Mais tout le monde ne vient pas au tribunal avec le même poids d’histoire sur les épaules. Azoura Fall n’est pas un citoyen comme les autres dans l’imaginaire collectif. Figure atypique, il fut de tous les combats visibles et invisibles aux côtés de ceux qui sont aujourd’hui au pouvoir. Toujours là, drapeau national en main, ombre fidèle des cortèges d’alors, il incarnait une forme de militantisme brut, non codifié, venu des tréfonds d’une révolte populaire. Il n’était ni cadre, ni stratège, ni homme de discours. Il était un cri à lui seul. Un cri que l’on croisait sur les routes, aux abords des palais, dans les cours d’audience, et que l’on associait instinctivement aux temps d’avant. Ceux de la répression. Ceux de l’humiliation.

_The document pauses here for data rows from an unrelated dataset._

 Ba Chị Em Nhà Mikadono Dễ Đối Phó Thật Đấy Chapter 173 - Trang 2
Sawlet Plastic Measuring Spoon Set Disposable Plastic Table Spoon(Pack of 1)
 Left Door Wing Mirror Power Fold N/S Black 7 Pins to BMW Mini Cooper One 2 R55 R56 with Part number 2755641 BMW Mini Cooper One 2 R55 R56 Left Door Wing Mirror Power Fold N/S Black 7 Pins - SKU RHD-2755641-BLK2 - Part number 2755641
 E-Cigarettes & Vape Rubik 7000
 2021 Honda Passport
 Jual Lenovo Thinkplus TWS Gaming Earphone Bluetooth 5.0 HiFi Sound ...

Le voir aujourd’hui convoqué, exposé, poursuivi — fût-ce dans le respect le plus strict de la procédure — ne peut être neutre pour qui se souvient. Car cette figure-là ne peut être lue seulement à travers le prisme du droit. Elle appartient à la mémoire vive d’un pays qui, tout récemment encore, étouffait sous le poids d’un autoritarisme rampant. Azoura a connu les geôles. Il en porte encore, à entendre ceux qui le croisent, les stigmates psychiques. Ce n’est pas une excuse, ce n’est pas un passe-droit. Mais c’est un contexte. Et dans une démocratie qui mûrit, le contexte ne s’efface jamais complètement devant la règle.

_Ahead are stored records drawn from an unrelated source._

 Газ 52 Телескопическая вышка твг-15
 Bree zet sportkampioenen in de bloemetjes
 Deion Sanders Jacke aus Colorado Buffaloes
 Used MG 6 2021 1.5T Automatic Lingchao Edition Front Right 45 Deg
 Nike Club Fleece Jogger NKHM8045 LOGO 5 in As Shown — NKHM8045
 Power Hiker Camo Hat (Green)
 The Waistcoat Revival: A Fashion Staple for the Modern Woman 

D’autant que ceux-là mêmes qui furent aux avant-postes de la garde rapprochée, de la mobilisation ou de la protection militante, se sont aujourd’hui éclipsés. Beaucoup se sont reconvertis. Dans l’élevage, l’agriculture, de petits métiers dignes, à l’abri des lumières. La transition a permis, et c’est heureux, une redistribution pacifique des rôles. Un apaisement. Une sortie sans vengeance. Une sortie par le haut. Mais Azoura est resté. Fidèle à lui-même, dans une époque qui a changé sans lui donner le mode d’emploi. Il n’a pas suivi le rythme. Il n’a pas basculé avec les autres. Et cela le rend vulnérable, dans un monde politique qui, à défaut de renier ses anciens compagnons, les garde à distance.

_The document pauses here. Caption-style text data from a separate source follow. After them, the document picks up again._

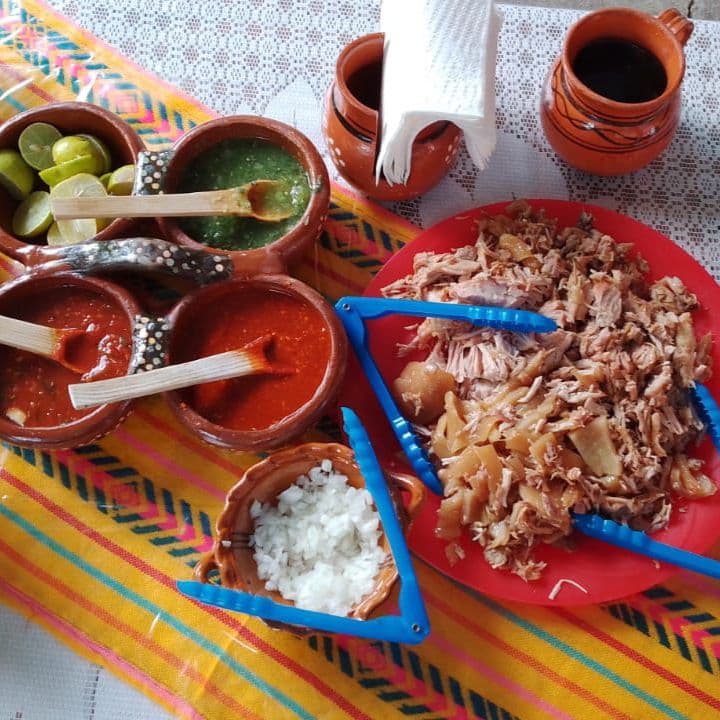 1/4 K de Carnitas.
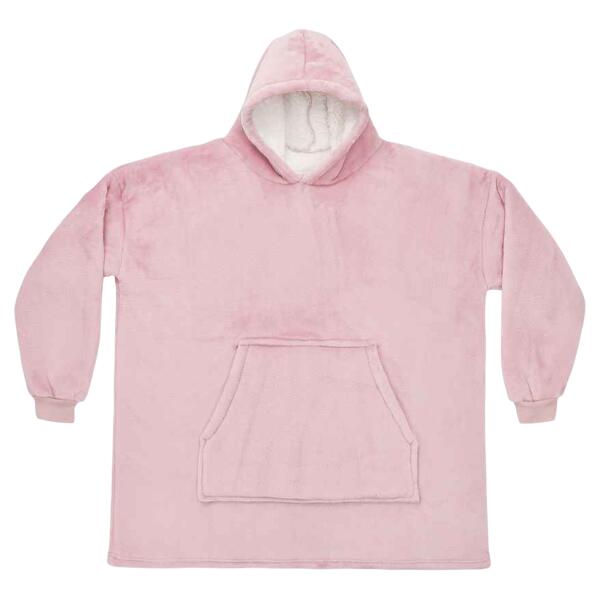 Brand Lab Brand Lab Oversized Hooded Blanket BH100 Brand Lab Oversized Hooded Blanket Thumbnail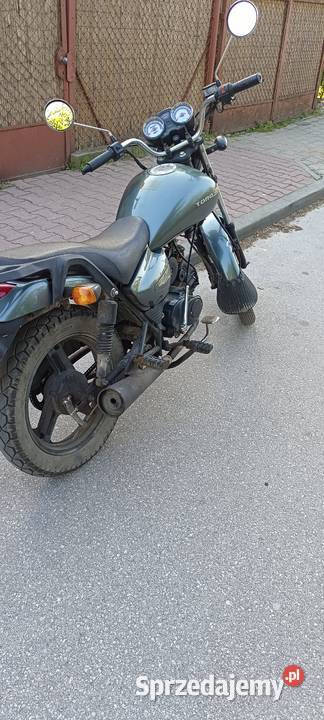 Tanio motorower Toro Windstar 50 4t benzyna Kielce sprzedam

Ce texte ne cherche ni à défendre des propos potentiellement excessifs, ni à excuser une dérive verbale qui pourrait, à bon droit, heurter. Il ne remet pas en cause le travail de la justice. Il rappelle simplement qu’une société apaisée est aussi celle qui, forte de son droit, sait regarder l’histoire dans les yeux. L’autorité se renforce quand elle s’exerce avec discernement. Et ce discernement-là consiste à comprendre que, parfois, derrière une convocation, c’est un fantôme qui ressurgit. Celui d’un passé que nous n’avons pas encore fini d’exorciser.
Azoura n’est ni martyr, ni héros. Il est ce que les transitions politiques laissent parfois derrière elles : une voix éraillée par le tumulte, un corps abîmé par les combats, un citoyen qui ne sait plus très bien comment rentrer dans la normalité. À ce titre, il mérite qu’on le regarde autrement. Pas avec indulgence, mais avec lucidité. Non pour le blanchir, mais pour ne pas oublier que le prix du changement ne se mesure pas qu’en bulletins de vote. Il se mesure aussi dans les corps et les esprits de ceux qui, à leur manière, l’ont rendu possible.